The baking and brewing facilities of the two guest
houses, for example, include cooking facilities, an acknowledgement
of the differing dietary requirements for guests
and monks. Thus, it is seen that the need for three separate
bake and brew houses in the monastery was unavoidable,
because of the different diets involved for the three classes
of men—fuedal lords, paupers and monks—who were to
be served by these separate facilities. Differentiation in the
type and quality of bread is well attested.[551] It is not unreasonable
to assume that similar distinctions entailed the
production of different types and qualities of beer. In an
article dealing with hops and its history Charles Dimont
points out that "it was the monks who began the classification
of beer by its strength into prima, secunda, and
tertia (which simplified into the categories `X', `XX'
and `XXX', are used even today) and that this tradition
of producing different qualities of beer was carried on in
the universities and colleges which brewed their own
specialities such as `Chancellor', `Audit', and `Archdeacon'."[552]

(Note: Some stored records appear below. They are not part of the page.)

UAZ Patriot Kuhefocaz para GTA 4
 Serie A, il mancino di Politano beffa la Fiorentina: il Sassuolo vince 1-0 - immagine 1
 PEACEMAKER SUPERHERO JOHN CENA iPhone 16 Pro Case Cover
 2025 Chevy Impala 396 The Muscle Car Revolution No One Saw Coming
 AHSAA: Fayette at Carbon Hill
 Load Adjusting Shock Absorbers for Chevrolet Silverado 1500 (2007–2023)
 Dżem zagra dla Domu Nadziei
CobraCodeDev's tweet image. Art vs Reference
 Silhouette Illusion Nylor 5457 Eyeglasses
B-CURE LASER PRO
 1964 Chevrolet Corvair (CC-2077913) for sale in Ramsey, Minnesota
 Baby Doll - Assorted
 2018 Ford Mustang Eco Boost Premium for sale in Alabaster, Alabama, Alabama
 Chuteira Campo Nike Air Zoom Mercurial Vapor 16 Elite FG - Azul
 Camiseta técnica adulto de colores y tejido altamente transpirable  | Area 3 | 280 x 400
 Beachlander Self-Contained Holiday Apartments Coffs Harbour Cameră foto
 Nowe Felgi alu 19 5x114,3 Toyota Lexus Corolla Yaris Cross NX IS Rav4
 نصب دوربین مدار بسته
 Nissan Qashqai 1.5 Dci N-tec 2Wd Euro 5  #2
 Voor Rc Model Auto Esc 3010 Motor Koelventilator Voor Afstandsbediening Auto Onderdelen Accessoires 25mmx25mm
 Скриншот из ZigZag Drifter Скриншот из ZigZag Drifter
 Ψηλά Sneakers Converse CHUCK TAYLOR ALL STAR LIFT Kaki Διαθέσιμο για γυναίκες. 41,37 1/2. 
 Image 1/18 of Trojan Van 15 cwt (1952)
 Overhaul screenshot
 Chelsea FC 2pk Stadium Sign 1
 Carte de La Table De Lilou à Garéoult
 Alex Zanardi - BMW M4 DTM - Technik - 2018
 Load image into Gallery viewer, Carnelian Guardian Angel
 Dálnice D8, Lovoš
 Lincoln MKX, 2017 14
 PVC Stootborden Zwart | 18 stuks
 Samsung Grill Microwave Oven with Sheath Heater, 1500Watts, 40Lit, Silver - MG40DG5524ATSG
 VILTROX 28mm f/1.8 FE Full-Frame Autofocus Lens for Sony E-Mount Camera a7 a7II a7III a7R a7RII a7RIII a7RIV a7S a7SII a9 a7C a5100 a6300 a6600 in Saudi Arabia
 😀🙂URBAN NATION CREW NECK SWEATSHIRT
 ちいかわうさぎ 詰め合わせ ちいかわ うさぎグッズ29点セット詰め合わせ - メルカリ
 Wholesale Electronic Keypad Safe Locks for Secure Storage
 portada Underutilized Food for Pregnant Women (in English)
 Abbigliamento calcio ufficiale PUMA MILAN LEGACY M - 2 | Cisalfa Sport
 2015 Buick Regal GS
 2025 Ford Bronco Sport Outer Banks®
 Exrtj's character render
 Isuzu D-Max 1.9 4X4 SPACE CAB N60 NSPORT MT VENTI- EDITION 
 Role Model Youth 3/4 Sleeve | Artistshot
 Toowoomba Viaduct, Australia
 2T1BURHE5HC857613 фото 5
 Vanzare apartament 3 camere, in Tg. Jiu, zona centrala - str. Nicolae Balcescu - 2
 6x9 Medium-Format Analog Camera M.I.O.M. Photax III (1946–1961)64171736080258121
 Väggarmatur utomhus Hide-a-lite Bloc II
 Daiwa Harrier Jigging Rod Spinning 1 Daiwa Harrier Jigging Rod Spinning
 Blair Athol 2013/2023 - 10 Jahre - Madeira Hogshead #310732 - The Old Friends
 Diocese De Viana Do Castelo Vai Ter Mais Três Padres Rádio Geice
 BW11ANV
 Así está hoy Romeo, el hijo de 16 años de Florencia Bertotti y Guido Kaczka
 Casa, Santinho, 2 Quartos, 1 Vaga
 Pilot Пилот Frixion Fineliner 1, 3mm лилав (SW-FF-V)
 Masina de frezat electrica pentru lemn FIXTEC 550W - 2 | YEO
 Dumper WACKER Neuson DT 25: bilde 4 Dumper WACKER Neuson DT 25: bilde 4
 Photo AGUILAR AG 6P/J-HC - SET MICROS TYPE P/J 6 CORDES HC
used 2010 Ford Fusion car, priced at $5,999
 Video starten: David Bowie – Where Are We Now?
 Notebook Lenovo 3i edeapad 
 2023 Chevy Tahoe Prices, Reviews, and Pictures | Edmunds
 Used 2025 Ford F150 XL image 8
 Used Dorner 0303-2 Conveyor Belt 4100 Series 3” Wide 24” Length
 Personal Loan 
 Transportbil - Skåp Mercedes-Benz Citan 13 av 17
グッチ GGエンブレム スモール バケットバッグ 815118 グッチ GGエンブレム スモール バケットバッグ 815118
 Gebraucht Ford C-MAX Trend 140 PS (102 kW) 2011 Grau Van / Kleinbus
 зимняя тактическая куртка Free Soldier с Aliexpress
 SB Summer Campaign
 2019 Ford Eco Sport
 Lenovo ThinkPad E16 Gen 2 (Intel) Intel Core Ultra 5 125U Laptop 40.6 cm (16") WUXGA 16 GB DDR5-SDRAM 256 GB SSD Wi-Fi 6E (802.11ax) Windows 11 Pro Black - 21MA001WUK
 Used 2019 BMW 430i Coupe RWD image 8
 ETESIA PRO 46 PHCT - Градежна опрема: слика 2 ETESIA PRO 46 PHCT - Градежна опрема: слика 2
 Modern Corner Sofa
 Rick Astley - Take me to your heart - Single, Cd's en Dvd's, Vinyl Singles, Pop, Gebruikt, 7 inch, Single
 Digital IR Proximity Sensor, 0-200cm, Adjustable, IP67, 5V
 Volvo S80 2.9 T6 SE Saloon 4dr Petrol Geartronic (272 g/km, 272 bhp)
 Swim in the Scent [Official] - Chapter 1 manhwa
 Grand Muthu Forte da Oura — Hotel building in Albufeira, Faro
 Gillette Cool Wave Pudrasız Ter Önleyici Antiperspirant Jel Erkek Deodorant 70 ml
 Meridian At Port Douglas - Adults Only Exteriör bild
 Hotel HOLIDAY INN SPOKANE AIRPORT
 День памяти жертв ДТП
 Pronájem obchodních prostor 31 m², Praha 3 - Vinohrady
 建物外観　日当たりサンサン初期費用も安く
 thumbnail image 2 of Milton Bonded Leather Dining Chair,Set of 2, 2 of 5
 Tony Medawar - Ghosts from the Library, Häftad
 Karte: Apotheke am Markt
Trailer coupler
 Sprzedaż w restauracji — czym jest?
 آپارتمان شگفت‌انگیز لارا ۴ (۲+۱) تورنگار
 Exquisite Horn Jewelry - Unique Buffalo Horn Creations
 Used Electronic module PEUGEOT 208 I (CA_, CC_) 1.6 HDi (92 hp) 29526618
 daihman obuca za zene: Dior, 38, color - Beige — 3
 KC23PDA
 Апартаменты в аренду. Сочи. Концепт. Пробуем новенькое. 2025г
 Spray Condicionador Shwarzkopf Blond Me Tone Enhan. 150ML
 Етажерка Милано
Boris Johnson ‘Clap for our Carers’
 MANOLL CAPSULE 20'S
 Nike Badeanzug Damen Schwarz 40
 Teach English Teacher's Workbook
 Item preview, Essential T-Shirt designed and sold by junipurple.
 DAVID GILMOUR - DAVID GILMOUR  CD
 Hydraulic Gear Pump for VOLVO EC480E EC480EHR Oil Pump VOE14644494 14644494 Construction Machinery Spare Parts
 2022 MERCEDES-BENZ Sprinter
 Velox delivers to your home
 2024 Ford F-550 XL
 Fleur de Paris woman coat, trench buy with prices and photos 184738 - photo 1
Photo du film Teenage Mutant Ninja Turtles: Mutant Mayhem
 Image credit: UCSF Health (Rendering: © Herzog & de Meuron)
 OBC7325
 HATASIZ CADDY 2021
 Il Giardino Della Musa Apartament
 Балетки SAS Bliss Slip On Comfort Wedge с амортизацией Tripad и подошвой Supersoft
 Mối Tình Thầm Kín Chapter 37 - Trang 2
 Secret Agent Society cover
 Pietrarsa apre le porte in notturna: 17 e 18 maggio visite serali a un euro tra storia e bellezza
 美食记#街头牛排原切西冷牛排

The Bake and Brew House for Distinguished Guests is
provided with additional space, apparently for storage, in
the form of two lean-to's on the entrance side. Despite the
larger numbers it served, the oven of this installation is
no larger than that in the Bake and Brew House for Pilgrims
and Paupers; at 7½ feet it is smaller in diameter by
one fourth than the monks' oven (dia. = 10 feet), but
therefore more quickly and easily brought to baking heat
after standing cold during periods of disuse. The relation
in the subordinate installations of baking to brewing
facilities is such that the ovens could have served to control
the temperatures for successful brewing, as was likely done
in the Monks' Bake and Brew House, a discussion of which
follows.

 
[551]

See Abbot Adalhard's directives concerning the various types of
bread, below, pp. 257-58. For other dietary distinctions, especially, concerning
the consumption of meat, see I, 275-79; and below, p. 264.

[552]

Dimont, 1954, 470; (unfortunately without reference to any historical
sources); the article was brought to my attention by Lynn White.